青春VAN日記60
本社営業の巻 その3(1976年3月)
<70年代・VANの時代背景考察>
振り返ってみれば、1951年、石津社長が大阪の北炭屋町で有限会社VANを始めてから20年が経つ。
70年代に入ると急激な発展の結果、年商300億超の大企業にまで成長した。
ここにいたるまでには、延数千人を越すVAN社員と関係者の努力があった。
彼ら先輩たちは、持てる知力と体力のあらんかぎりを会社に捧げた。
アイビーの流行も、フォークソングやジャズやアメリカンフットボールの流布も、社長を筆頭に全社員の血と汗と涙で創り上げたものである。
石津社長を“頭”として毎日の業務に励んでいる限り、健全な経営と相まって、VANの発展は永久に続くものだと、私達は信じきっていた。
だが、1970年代に入ると、日本繊維業界は大構造不況に陥った。
戦後の物資の無い時代には飛ぶように売れた繊維製品は、20年を経過して“もはや戦後ではない”時代になると、市場は飽和状態を迎えていた。
必然的に、糸の消費は停滞し、川上と呼ばれる繊維業界は不況となった。あふれる失業者をかかえて国家は苦悩した。
ところが、この時に、飛ぶ鳥を落とす勢いで成長を続ける業界があった。
VANを筆頭とする川下と呼ばれるアパレル業界である。
国民生活不安の火種となった繊維業界問題に悩む政府・通産省は、躍進を続けるアパレル業界に目をつけた。
アパレルが売れれば、布の消費は増加し、糸の消費も増えるはずだ、と。
通産省は、銀行や商社に指示を出し、VANを筆頭とするアパレル業界に巨額の資本を投入させる策を執った。
しかし、VANの服は国民服ではない。趣味嗜好品・ファッションである。国民全員が着る大衆衣料品ではない。
作ればなんでも売れる訳ではない。無理である。
もともと石津社長は“VANは学校である”と位置付け、大企業になることを目的としていたわけではない。
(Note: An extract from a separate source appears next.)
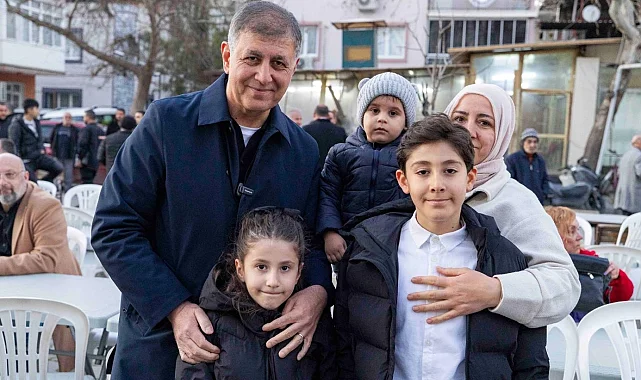 Başkan Tugay: Bayramlıksız çocuk kalmayacak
しかしこの時のVANは、通産省の指導・大商社の介入に対し、あえて「NO!」と言う勇気を欠いて、巨大化する「愚」を冒してしまった。
・・・VANのターニングポイントであった。
そこには、「我々なら出来るだろう」、「巨大企業に成長してみたい」、という過信と欲があったのかもしれない。
そして、会社は「SCENE・Niblick」ブランドの大展開によって、より大きなマーケットを目指し、大型大量生産企業へと運命を賭してしまった・・・!
(※ 以上は、まったく、1アイビー狂い社員の私個人の考えであり、 推測であります。)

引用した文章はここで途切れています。